The 8th U.S. Circuit Court of Appeals today reversed federal district Judge James Moody and said two Little Rock police officers had acted constitutionally in tasing a mother and handcuffing her son in a dispute at a Little Rock high school.
Moody had dismissed complaints against the police chief and the officers in their official capacity, but said the suit personally against Officers Hubert Bryant and Chris Oldham could proceed.
Dedra Rudley sued for herself and minor child over her arrest in an altercation at J.A. Fair High School in 2014. When a meeting with the principal over her son’s grades grew hostile, the principal directed an officer to take Rudley out of the building. (He contended, and she disputed, that she’d thrown a book at the principal.) Some of the resulting altercation was recorded on Bryant’s taser, which he discharged three times.
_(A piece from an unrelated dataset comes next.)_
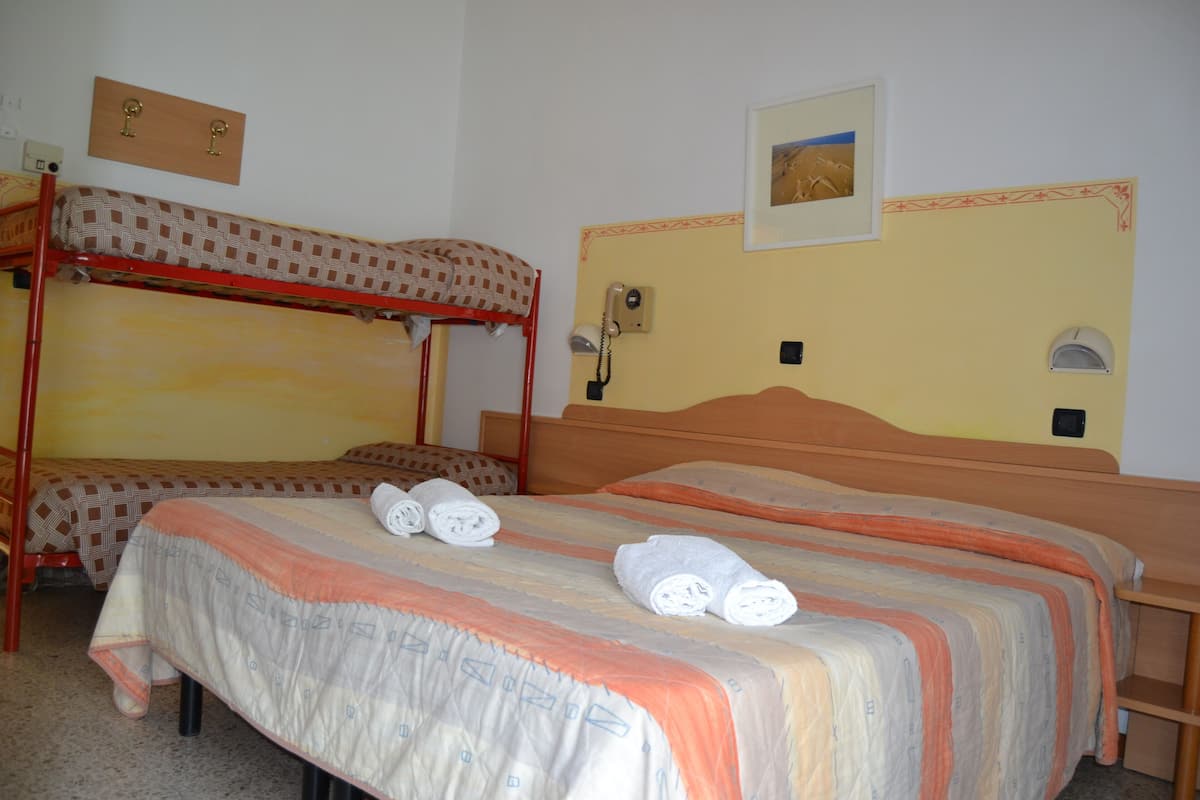 A room with two bunk beds, a single bed with rolled towels, a telephone, and a framed picture on the wall.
Oldham arrived and handcuffed the son, who had a broken clavicle. The situation was “combative and chaotic” Judge Moody observed, such that it wasn’t sufficiently clear the officers had acted reasonably in use of force and thus the case should go to trial.
The 8th Circuit disagreed and reversed Moody. It said the officers were entitled to immunity for their actions that day. It said, among others, that Rudley had behaved in such a way that an officer could reasonably take action to avoid an escalation of the confrontation. Oldham, too, could have reasonably believed the minor son could have presented a threat.